Climate change is one of the greatest risks to the Fund’s investments and the economy as a whole. Comptroller DiNapoli has been a global leader in addressing climate-related investment risk and seeking opportunities presented by the worldwide effort to transition to a cleaner economy. In June 2019, he announced a new Climate Action Plan that, among other steps, will set minimum standards for thermal coal and other sectors and industries that pose climate risks to the Fund’s long-term value.
In December 2020, he expanded the Plan, setting a 2040 target for net zero carbon emissions and announced a timeline for completing assessment of minimum standards across the Fund’s energy sector holdings. Under the Plan, which builds on the recommendations of the Decarbonization Advisory Panel for achieving sustainability, the Fund may divest from companies that fail to meet its standards. It will also engage with external managers and index providers on their climate-related strategies. Learn more about the Climate Action Plan.
As part of the Climate Action Plan, DiNapoli is expanding the Sustainable Investment-Climate Solutions Program, which he initiated in 2008. Through the program, DiNapoli has committed more than $10 billion to invest in climate solutions and other sustainable opportunities. Over the next decade the program will be doubled to $20 billion. Learn more about the Sustainable Investments and Climate Solutions Program.

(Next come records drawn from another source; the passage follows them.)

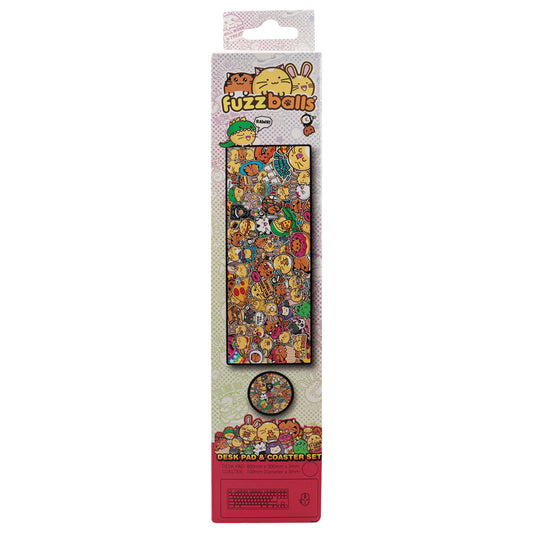 Fanattik Fuzzballs XL Desk Pad and Coaster Set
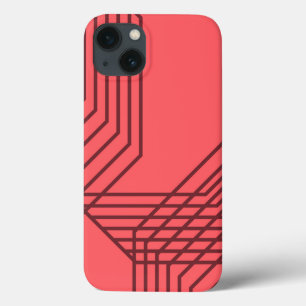 Case-Mate iPhone Case Pastel Rouge, simple, moderne, design géométrique
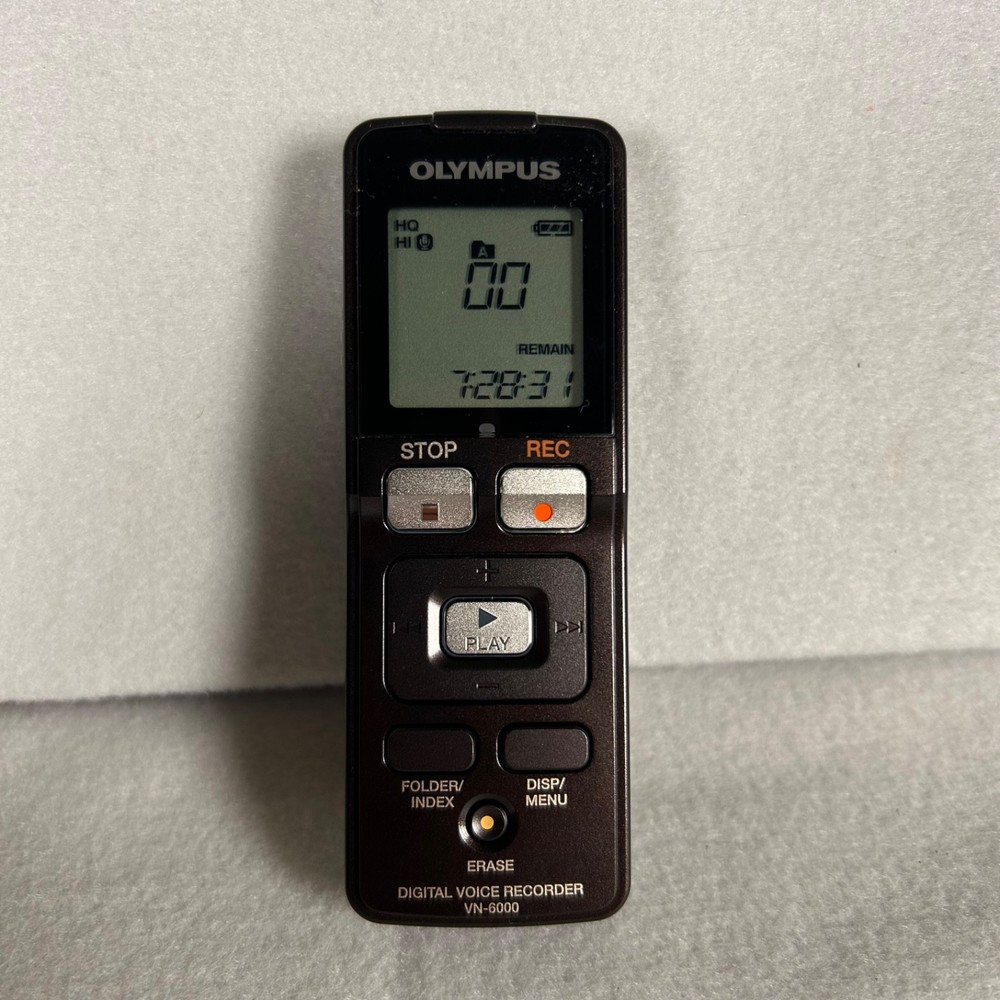 Olympus VN-6000 Digital Voice Recorder w/ Case | Tested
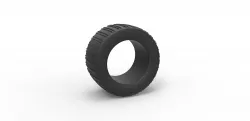 Diecast Dune buggy rear tire 19 Scale 1:25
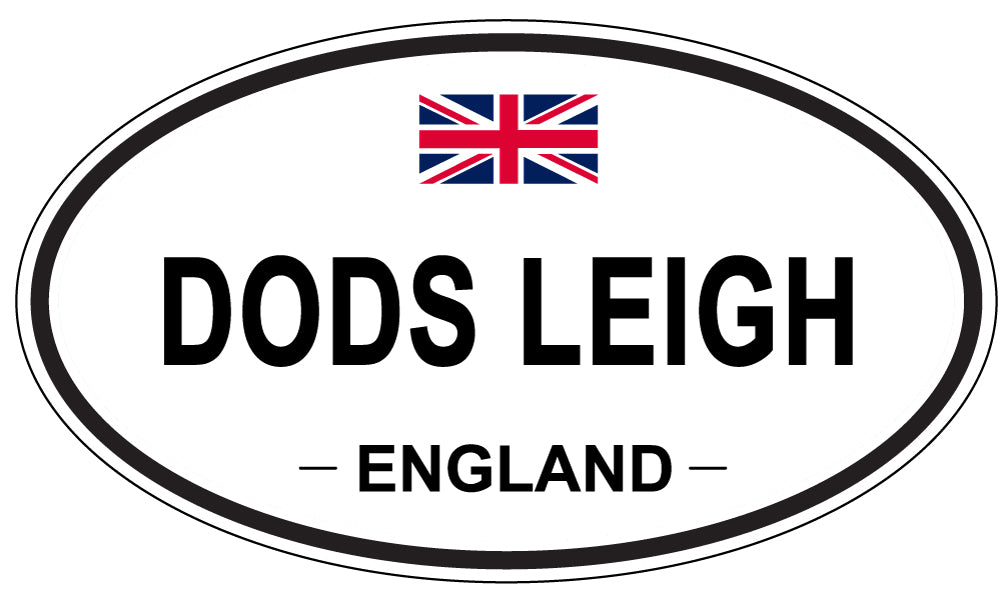 DODS LEIGH, England - Oval Magnet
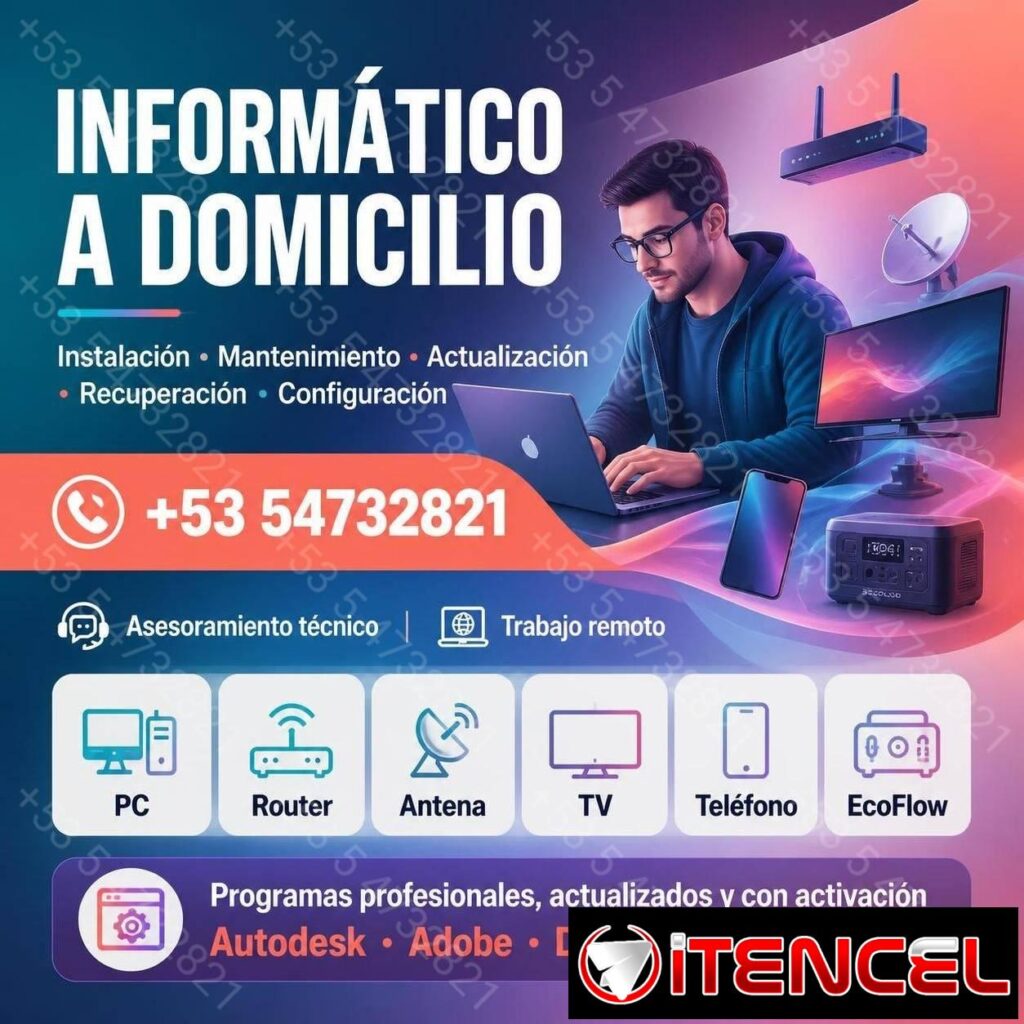 INFORMÁTICO A DOMICILIO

Labor Standards & Human Rights
Protecting the health, safety, and rights of employees, including those in a company’s supply chain, is critically important to fostering long-term success. Human rights violations, resulting from the labor practices of corporations or their suppliers, can result in significant legal and reputational harm. Comptroller DiNapoli regularly asks companies to require their major suppliers to uphold global labor standards and publicly report on the impact of their operations. The Fund has paid particular attention to corporations with extensive overseas operations, which are more likely to operate in areas with fewer worker protections and weaker enforcement.